Mujeres saharuis en la maquila (Photo credit: gaelx)

I’ve written a few times about Latin American workers (see links below). Here at last is a broad description of attempts to cross-border advocacy in Latin American apparel-producing countries and North American apparel-consuming countries.

The book uses four 1990s campaigns as case studies:

  • Guatemala: Phillips Van-Heusen
  • El Salvador: Gap supplier Mandarin International (Taiwanese-owned)
  • Honduras: Kimi (Korean-owned), supplier of retail store-label clothes
  • Nicaragua: Chentex (Taiwanese-owned), another supplier of retail store-label clothes

The picture is not a pretty one. These four campaigns attained the rare victory of union recognition but, after that, their companies invariably relocate. The wonders of Capital Mobility.
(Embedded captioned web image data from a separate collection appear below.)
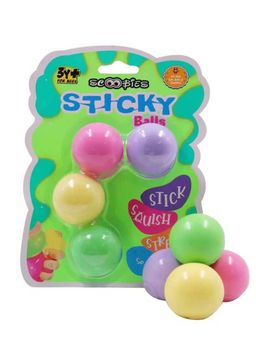 SCOOBIES - Multi-Color Sticky Balls (3-12 Years)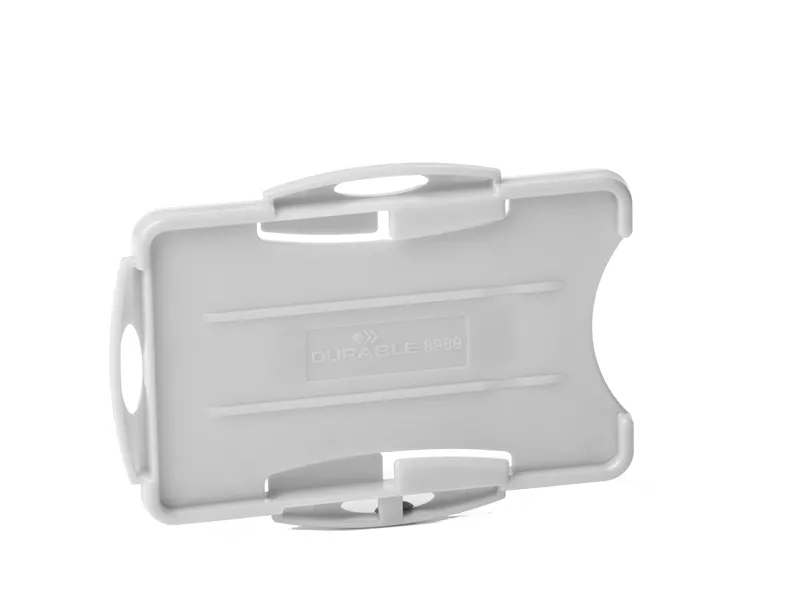 Portabadge Eco Durable - 5,4x8,7 cm - 2 Tessere - 8989-10 (Grigio Conf. 10) Portabadge Eco Durable - 5,4x8,7 cm - 2 Tessere - 8989-10 (Grigio Conf. 10)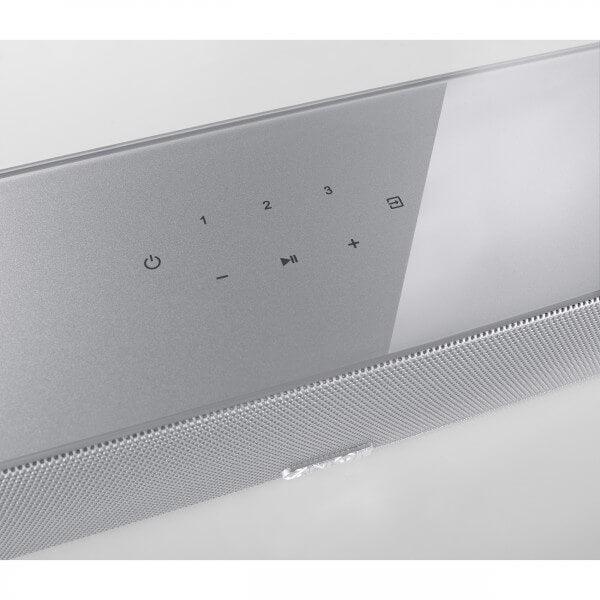Canton SMART SOUNDBAR 10 silver con due diffusori Dolby Atmos - TechSoundSystem.com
It makes me think of trying to stop a vacuum cleaner by holding its nozzle; it can simply detach the nozzle and use another (I’m sure there are better metaphors … suggestions are welcome!) Even so, the author writes, capital is not omnipotent and with better co-ordinated campaigns could be held to account. The world is only so big and brands in this day and age should have nowhere to hide.

The author, Ralph Armbruster-Sandoval, explains how pressure in each case was applied across borders, at both ends of the supply chain. He calls this the Keck-Sikkink or Boomerang Model (p. 22). Mis-coordinated boomerang campaigns, he argues, keep allowing the ball to be dropped after a short-term victory.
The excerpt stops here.